Some 5,000 English people lived in Antwerp at the time of its big trading fairs ('jaarmarkten'). English ships were constantly in the harbour, where they even had precedence over other craft for access to the quay and the crane. Amongst these 5,000 was William Tyndale. Chased out of England, he had studied Greek in England and possibly Hebrew in Germany where he had begun his NT translation. However, life in Germany was also precarious, so he moved to Antwerp where, apart from the tolerance of the city, there was a sufficiently strong emigre community including an 'English House', in which he could reside relatively safely. The printers' quarter was a mere 15 minutes walk away, and among them there was master-printer Marten de Keyser, actually a Frenchman called Martin l'Empereur. He was the printer of, among other works, Tyndale's Obedience of a Christian Man.

The safety of Antwerp was unfortunately only relative. Armsbearers of the Emperor captured Tyndale and Louvain theologians found him guilty of heresy (actually for his tracts rather than his bible translation). They put him in prison for more than a year in Vilvoorde (near Brussels), where he continued his work on the Old Testament, covering about half of it before his life was cut short by public execution. Mercifully he was strangled before being burnt at the stake. Yet his work lived on. Miles Coverdale produced the Coverdale Bible using much of Tyndale's work. Recent research conducted by our lecturer suggests that it, too, was probably first printed by Marten de Keyser.
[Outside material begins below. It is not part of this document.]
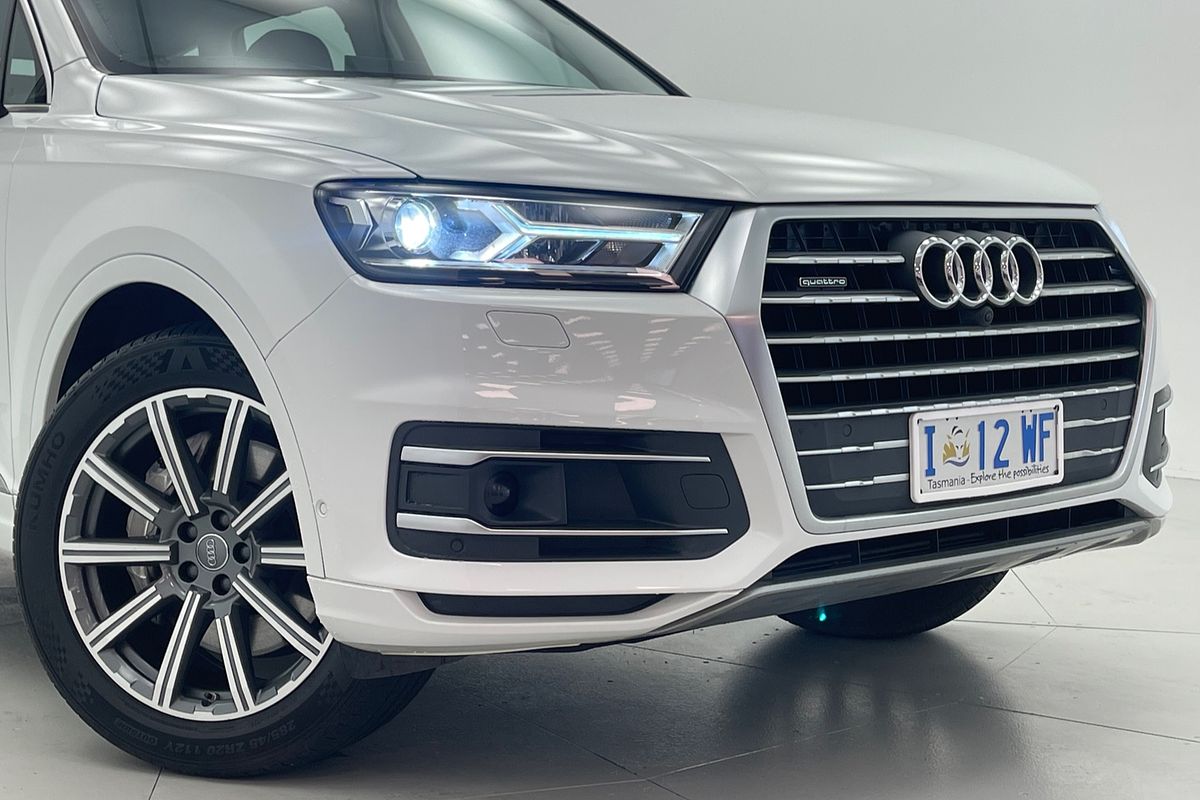 2018 Audi Q7 50 TDI 4M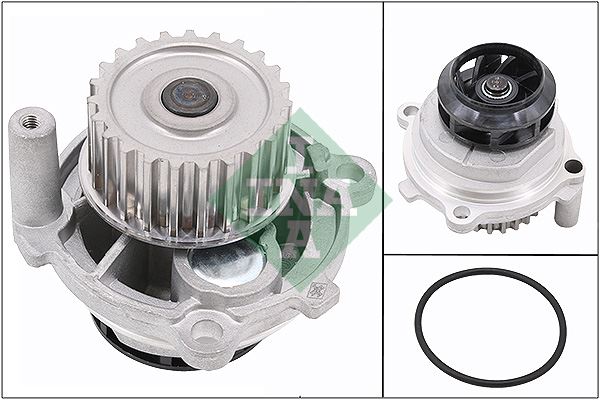 INA 538008810 Devirdaim Golf4/5-Bora-Jetta-Passat-A3-Octavia-Leon 1.6 1998-2010 Benzinli Akl-Bfq-Bse-Alz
In England, Henry VIII opened the gates to the Reformation by ordering the reading in churches of the Great Bible (1538-39). The Reformation proper (as distinct from the 'Break with Rome') did not take place till Henry's son Edward VI's reign from Easter 1540. Thus Tyndale's English words (which are present not only in the Great Bible but the Geneva Bible and then the Authorised Version) were heard by the whole country from ploughman to lord.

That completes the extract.